Secondly- Relieves claimed before amendment cannot run simultaneously with that of the later relieves claimed after amendment.
Third and lastly- The learned Judge without considering such facts and law erroneously allowed the amendment which is an error of law resulting in an error in the decision occasioning failure of justice.
  1. In support of his contentions he refers the following cases :
    1. In the case of Shafiqul Islam Chowdhury (Md.) and others Vs Mustafizur Rahman and others 60 DLR(AD) 42 held:
   ″  In the instant case, the amendment sought for will not chance the character of the suit or the plaint; rather such amendment is capable of determining the real question in controversy. ″
  1. In the case of Yar Mohd. and another vs. Lakshmi Das and others AIR  1959  page -1 (Allahabad) held:
″ Specific Relief Act (1877), S. 9- Scope and object- Suit under S.9 and ordinary suit for possession- Distinction.
Possession is prima facie evidence of title and if a person who is in possession is dispossessed he has a right to claim back possession from the person who dispossesses him. In an ordinary suit of that kind if the plaintiff succeeds in establishing his title as well as possession he is bound to succeed. Even if he is unable to prove his title he can succeed on the basis of prior possession alone. But the suit can easily be defeated if the defendant succeeds in proving a good title in himself or another. In that case the presumption  in favour of the plaintiff is displaced. In such a suit, therefore, the title of both the parties can be brought in issue and can be considered by the court. A suit under S. 9 of the Specific Relief Act is however an entirely different kind of action. That section gives a special privilege to persons in possession who take action promptly. In case they are dispossessed it entitles them to succeed simply by proving (1) that they were in possession, (2) that they have been dispossessed by the defendant, (3) that the dispossession is not in accordance with law, and (4) that the dispossession took place without six months of the suit.
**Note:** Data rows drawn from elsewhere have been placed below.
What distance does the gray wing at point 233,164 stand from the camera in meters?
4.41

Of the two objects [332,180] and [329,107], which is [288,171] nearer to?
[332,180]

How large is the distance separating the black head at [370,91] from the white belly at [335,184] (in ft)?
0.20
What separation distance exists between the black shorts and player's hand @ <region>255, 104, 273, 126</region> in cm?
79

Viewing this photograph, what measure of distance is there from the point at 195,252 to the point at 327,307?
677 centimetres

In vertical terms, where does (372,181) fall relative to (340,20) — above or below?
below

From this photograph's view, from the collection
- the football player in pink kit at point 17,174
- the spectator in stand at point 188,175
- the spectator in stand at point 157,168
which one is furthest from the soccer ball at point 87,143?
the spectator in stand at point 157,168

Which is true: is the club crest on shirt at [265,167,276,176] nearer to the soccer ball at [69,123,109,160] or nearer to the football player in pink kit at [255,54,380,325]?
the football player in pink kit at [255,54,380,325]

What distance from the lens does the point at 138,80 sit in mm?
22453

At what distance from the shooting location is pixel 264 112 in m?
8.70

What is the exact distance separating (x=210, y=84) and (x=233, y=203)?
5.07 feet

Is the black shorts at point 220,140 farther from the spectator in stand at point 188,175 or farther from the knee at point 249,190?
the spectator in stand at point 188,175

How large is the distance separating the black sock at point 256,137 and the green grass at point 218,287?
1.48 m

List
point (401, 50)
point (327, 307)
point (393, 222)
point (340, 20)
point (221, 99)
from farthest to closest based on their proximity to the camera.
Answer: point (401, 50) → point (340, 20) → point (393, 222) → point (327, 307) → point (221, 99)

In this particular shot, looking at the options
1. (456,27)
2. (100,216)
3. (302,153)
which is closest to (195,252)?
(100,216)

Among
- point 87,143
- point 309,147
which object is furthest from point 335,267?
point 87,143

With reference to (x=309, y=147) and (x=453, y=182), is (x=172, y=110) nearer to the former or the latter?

No question of title either of the plaintiff or of the defendant can be raised or gone into in that case. The plaintiff will be entitled to succeed without proving any title on which he can fall back upon and the defendant cannot succeed even though he may be in a position to establish the best of all titles. The restoration of possession in such a suit is however always subject to a regular title suit and the person who has the real title or even the better title cannot therefore be prejudiced in any way by a decree in such a suit. It will always be open to him to establish his title in a regular suit and to recover back possession.″
  1. The learned Advocate appearing for the opposite party no.1 submits that the proposed amendment will not change the nature and character of the suit rather the same is necessary for the purpose of determining the real question in controversy between the parties. He adds that the proposed amendment will settle the question whether during the pendency of the suit the plaintiff was dispossessed. He lastly submits that  considering such aspect  the learned Judge of the Court below allowed the proposed  amendment of the plaint, which calls for no interference by this Court.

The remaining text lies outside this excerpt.